Plus techno, Man déploie une pure energy dont l’inquiétude est similaire à cette catégorie musicale. Celle de la scène gay (ou crypto-gay) pionnière de groupes comme Underworld ou Information Society. Voilà oui, Man aurait pu être une face B instrumentale de nos illustres Pet Shop Boys après un léger lifting d’Eric Prydz. En somme, la musique des fondations, les premières sources d’inspiration des musiciens que nous évoquions. Dans cette angoisse sourde de l’époque, le sida devait probablement y être pour quelque chose. Celle-ci se voit remplacée par la vision désolée d’un Futur où les dancing vides et terrasses abandonnées pourraient (on insiste sur le conditionnel) parsemés le monde, relégués aux reliques d’un passé hédoniste.
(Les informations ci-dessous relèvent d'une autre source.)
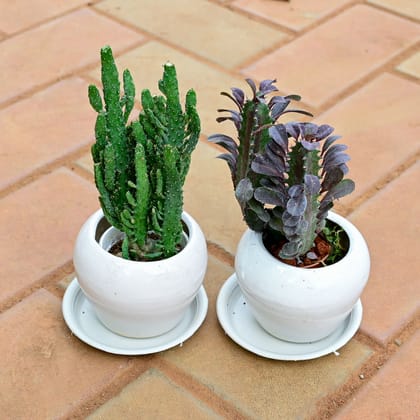 Buy Set of 2 - Opuntia Monacantha Cactus & Euphorbia Trigona Cactus in 5 Inch Classy White Apple Ceramic Pot with Tray Online | Urvann.com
La piste, elle, rappelle les travaux d’aînés ayant été servis à la même cantine musicale, génération entre-deux (celle de Zimmer et celle de la french touch originelle) comme Maud Geffray, mais aussi Todd Terje, ou encore Lindstrøm… L’album se termine sur un bouquet de titres moins « inspirés », presque comme s’ils émanaient d’un Rone peu inspiré. Amour résonne comme un possible chant du cygne dont même le « possible » est de trop. Inévitablement, les fêtes continueront à battre leur plein, mais le conditionnel employé est en soi une source justifiée de craintes. La rêverie mérite d’être perpétuée ; le monde, d’être réenchanté : alors ce soir, les enfants, on se lève et on sort, on se jette et on s’assemble pour ne faire qu’un…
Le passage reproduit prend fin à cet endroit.